Pumping moisture back in via humidifiers, resisting the temptation of scorching hot showers when it’s freezing out, and diligently slathering ourselves in oils and lotions for months on end is great and all, but sometimes you just need a hand.

strobe party

Whether you call it a highlight, luminizer, illuminator or strobe, these products (and their co-captains) provide an easy, agender boost to good-looking skin that we can all get behind.


Bottom line: “Strobing” isn’t new. It’s highlighting, and if you’re a full-on contour queen, you already know what’s up. The prevalence of intensive contouring has been pretty overwhelming and like any trend, its popularity has begun to wane. Contouring takes an almost mechanical, paint-by-numbers approach to playing with light and shadow on the face, so what’s left if you take out the shadow and darkness?

Exactly. Look, I’m not here to tell you that contouring is “over.” Contouring has its purpose, it’s certainly had a moment and will inevitably be back as does everything else in our tiresomely cyclical consumerist culture, and bronzer will certainly remain welcome on my vanity. Nor am I saying that strobing is a must (though I do find it to be a refreshing shift). I’m sure there are some who won’t find it to their liking or feel it doesn’t suit them and DO YOU, I say. Always.

I’m here to show you how and why you might use highlight, provide a few product recs, give you some tips and tricks for mastering it, and deliver on that promise for Advanced Highlighting: Mixology for Your Makeup. So, what the heck is strobing or highlighting or luminizing or whatever the heck it’s called?

Let’s start with the super extreme editorial examples:

ed highlight

Theme: I fell in a vat of petroleum and coconut oil and I liked it.

Fine, these are pretty intense. Don’t be alarmed! I think they look amazing and wonderfully minimalist in a big glossy gloopy magazine way, but can you imagine showing up at work or even to a chill party looking like this? People would be concerned, friends. It is basically guaranteed that someone will hold you down while another person uses an entire roll of paper towels to blot you down, while you whimper “It’s supposed to look this way, I swear.” Those are not our life goals.
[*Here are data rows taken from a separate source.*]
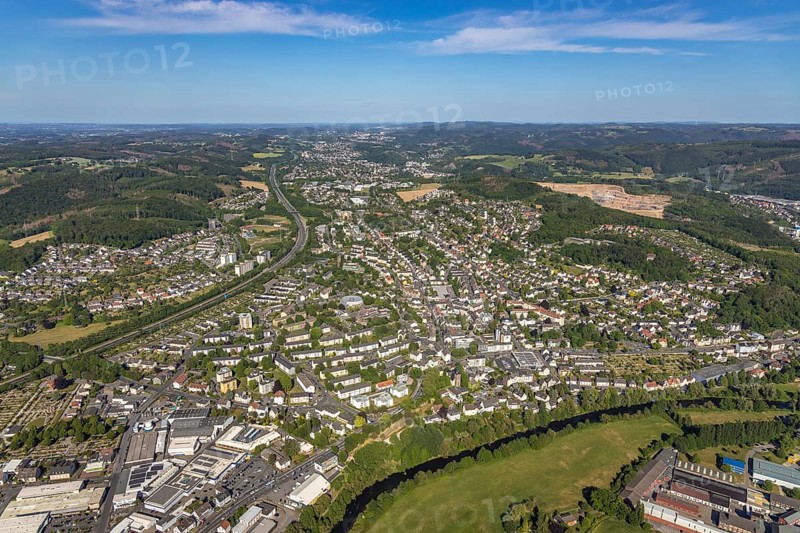 Aerial view, motorway A46, city centre view and commercial area Elseyer Straße, river Lenne, Hagen-Hohenlimburg, Ruhr area, North Rhine-Westphalia, Germany, DE, Europe, commercial enterprises, commercial area, commercial location, commercial use, property tax, real estate, industrial area, industrial location, aerial view, aerial photography, aerial photography, overview, bird's-eye view, forest area, living and working, living and life, residential area, residential buildings, residential quality, housing estate, bird's-eye view, overview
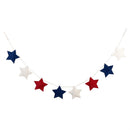 Red, White, & Bloom Hanging Decor Fabric Garland Patriotic Star, 72"L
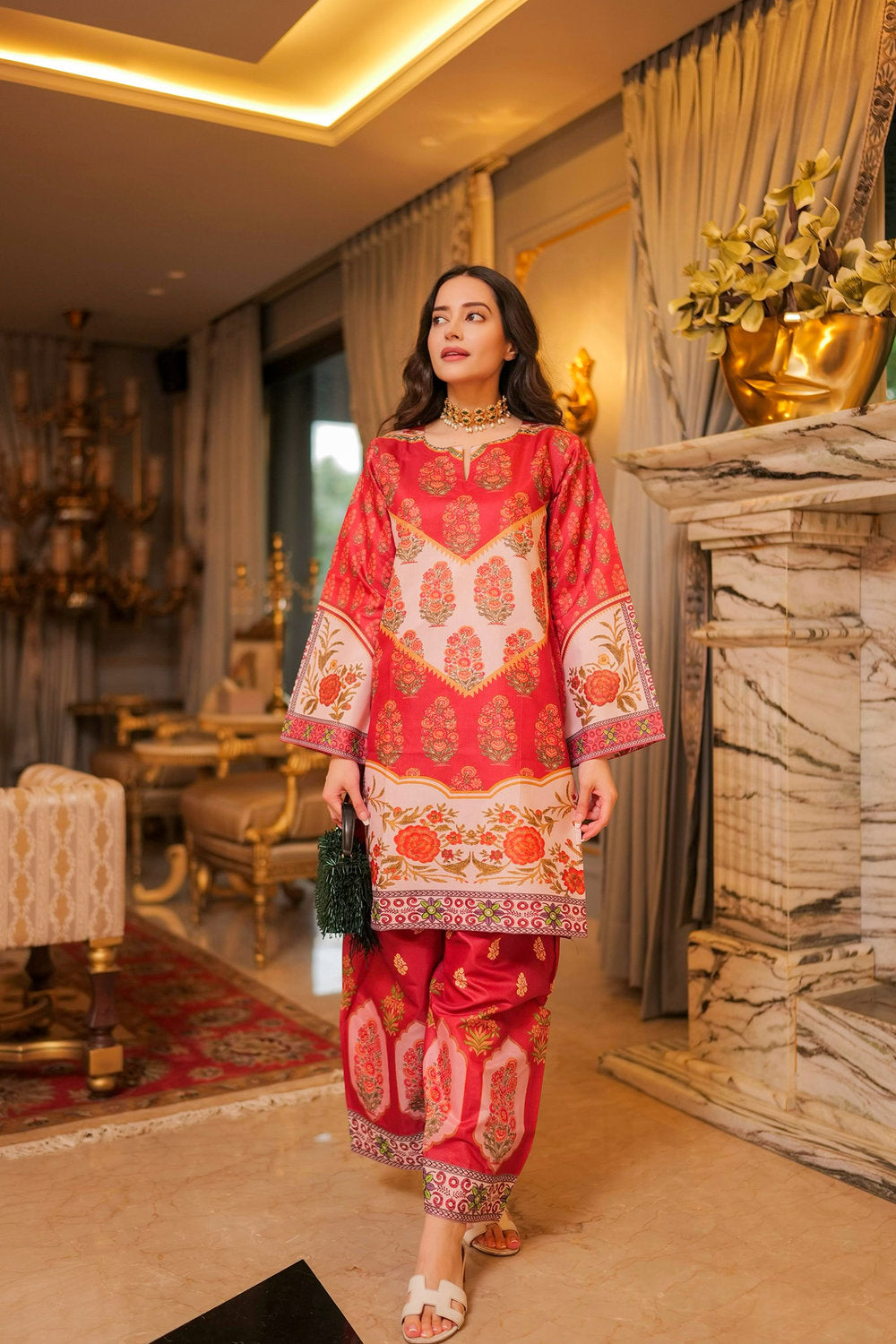 Komal X HOK Lawn Cotton Shimmer Printed Cord Set with Traditional Buta Print - Rust & Cream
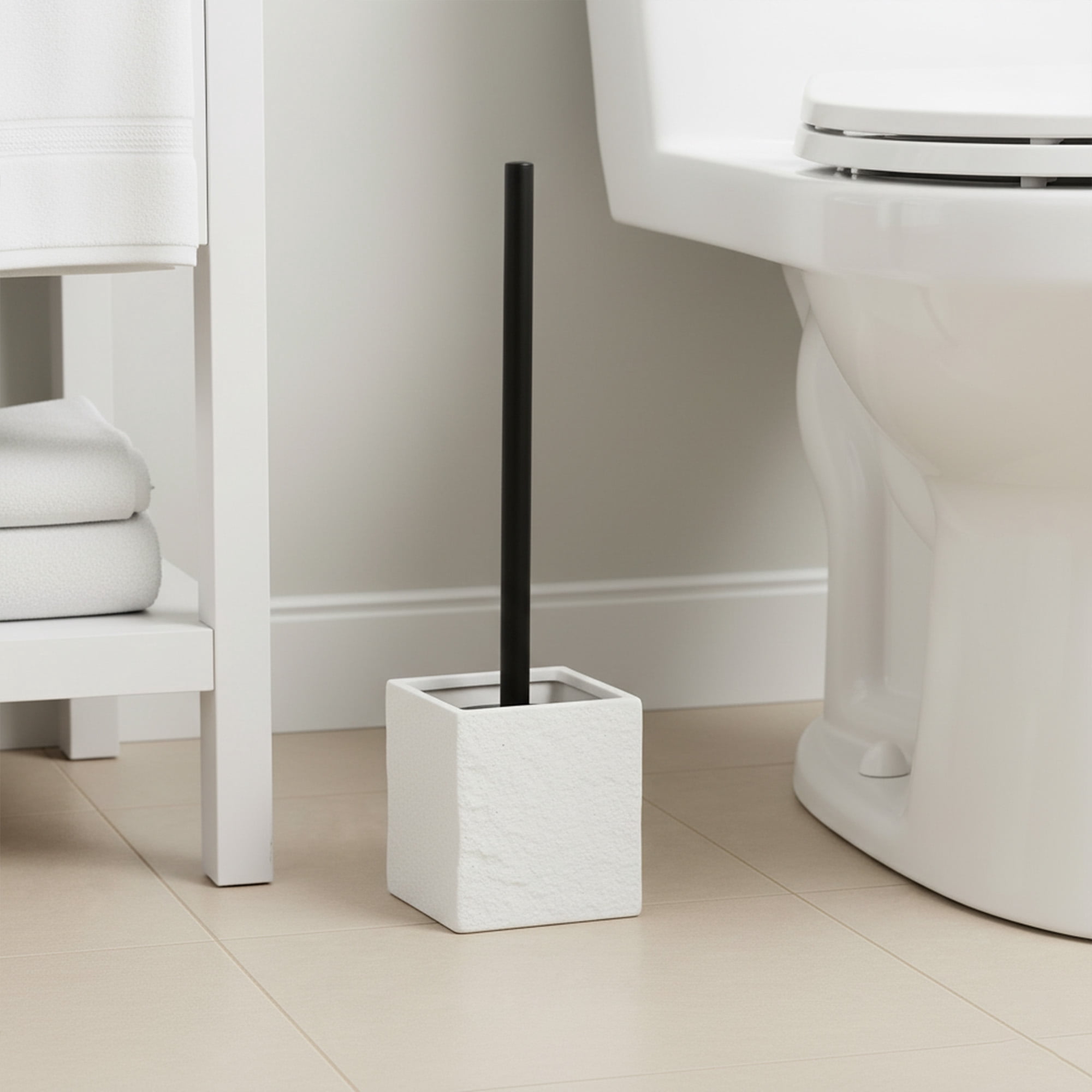 Evideco French Home Goods Stone White Toilet Brush & Holder Set with Toilet Brush, White
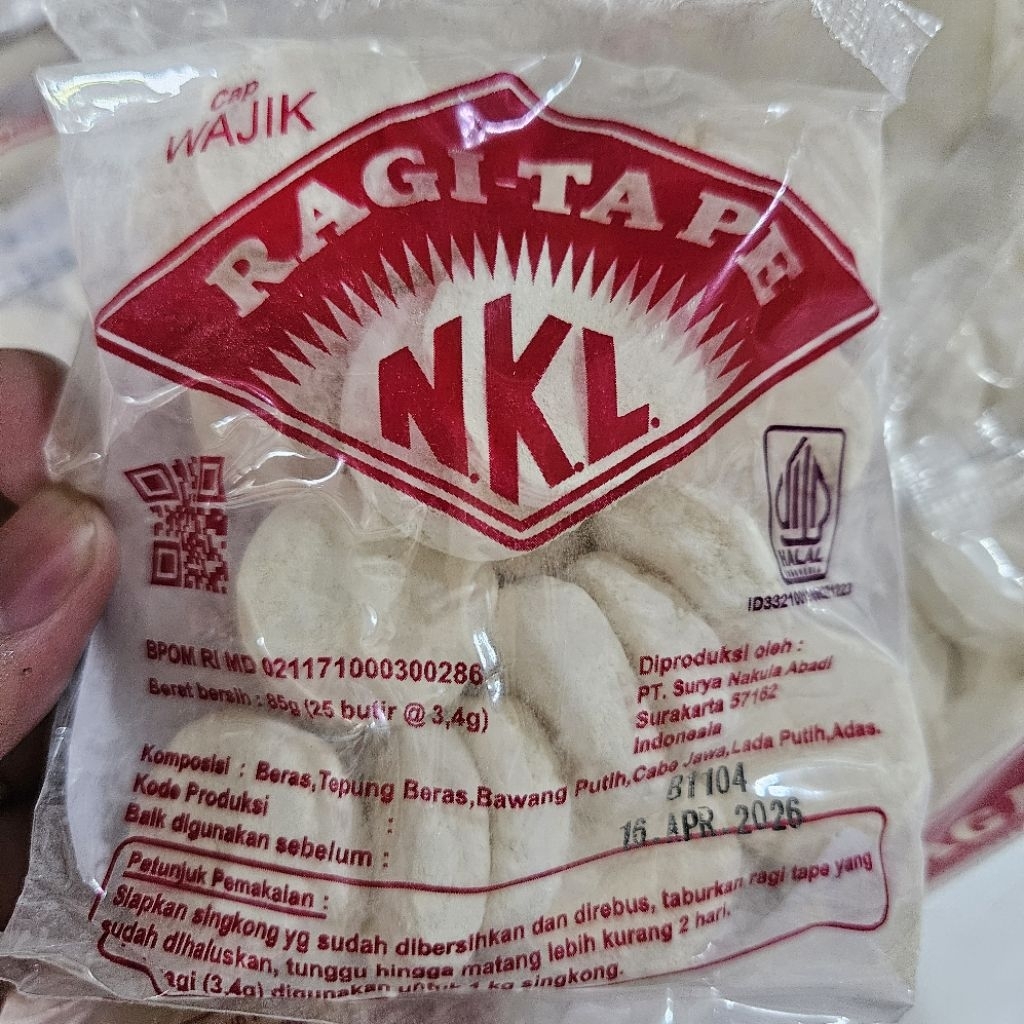 

Ragi Tape NKL Wajik Original isi 25 Pack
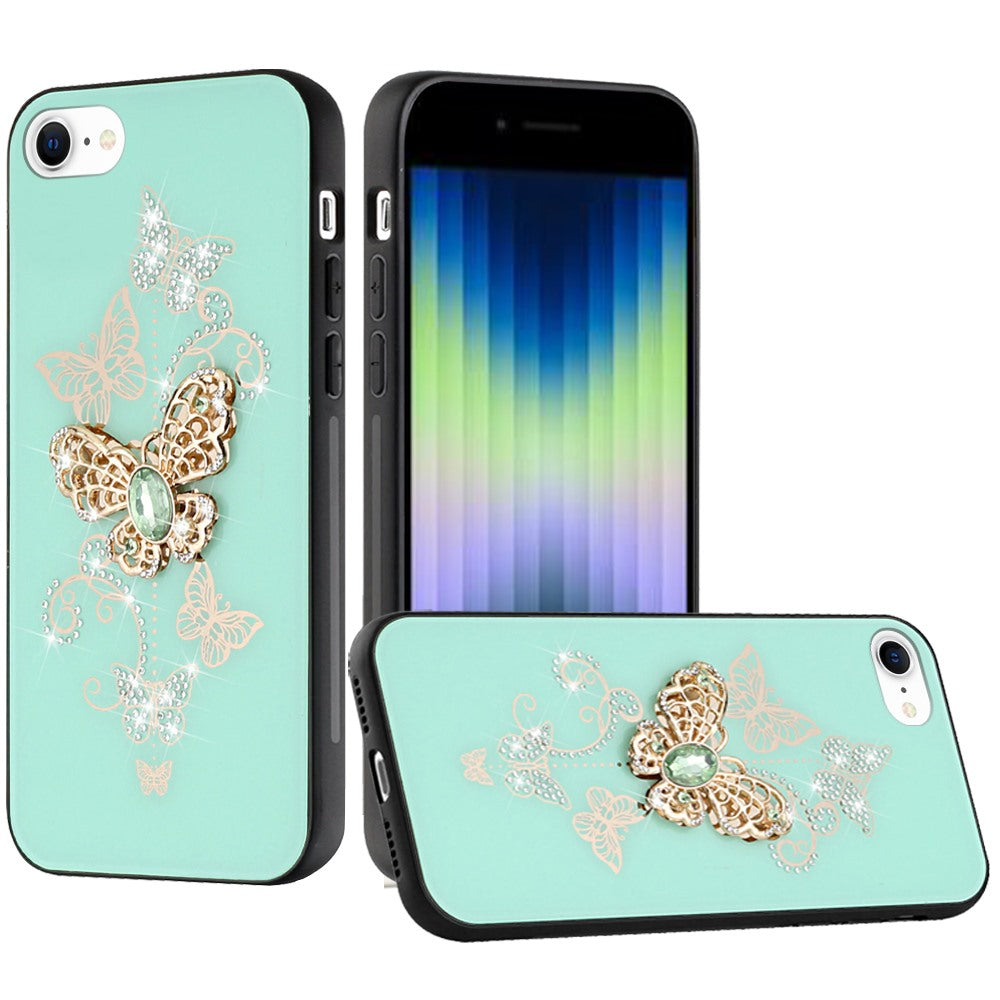 For Apple iPhone 11 (6.1")3D Diamond Bling Sparkly Glitter Ornaments Engraving Hybrid Armor Metal Fashion Phone Case Cover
Perhaps something a bit more like this, yes?

strobe queens

Yes, yes, yes! It does something to lift and brighten the entire face, it draws sharp focus to the eyes, and by accentuating the highest planes as if through a melody of light, everything else flutters in to sing the harmony and give things some color. It’s undeniably fetching. Face catnip, is what it is. If you’re on board, we’ll keep going.


You will likely want to have some or all of the following on hand, depending on your usual routine:

+ moisturizer and/or a lovely facial oil
+ face mist, toner or essence water that you can pat into skin
+ serum or other skin treatment
+ your choice of makeup (TM, BB/CC, foundation, concealer)
+ something to highlight with, of course, but we’ll get into product specifics below

The way you apply the other products in your skincare arsenal matters, especially in the winter. You should be applying moisturizers to damp skin, which goes for face and body. Some folks keep their lotions or body oils right in the shower so they can seal in as much moisture as possible, and doing the same for your face can work wonders. After cleansing, using a face mist, toner or essence water can prep skin, balance pH and pamper with good-for-you ingredients. Working in your moisturizer and/or facial oil after that locks in the moisture, and helps plump up the skin. Some folks even recommend a good spritz in between layers, but I haven’t tried that one just yet — I’ll let you know.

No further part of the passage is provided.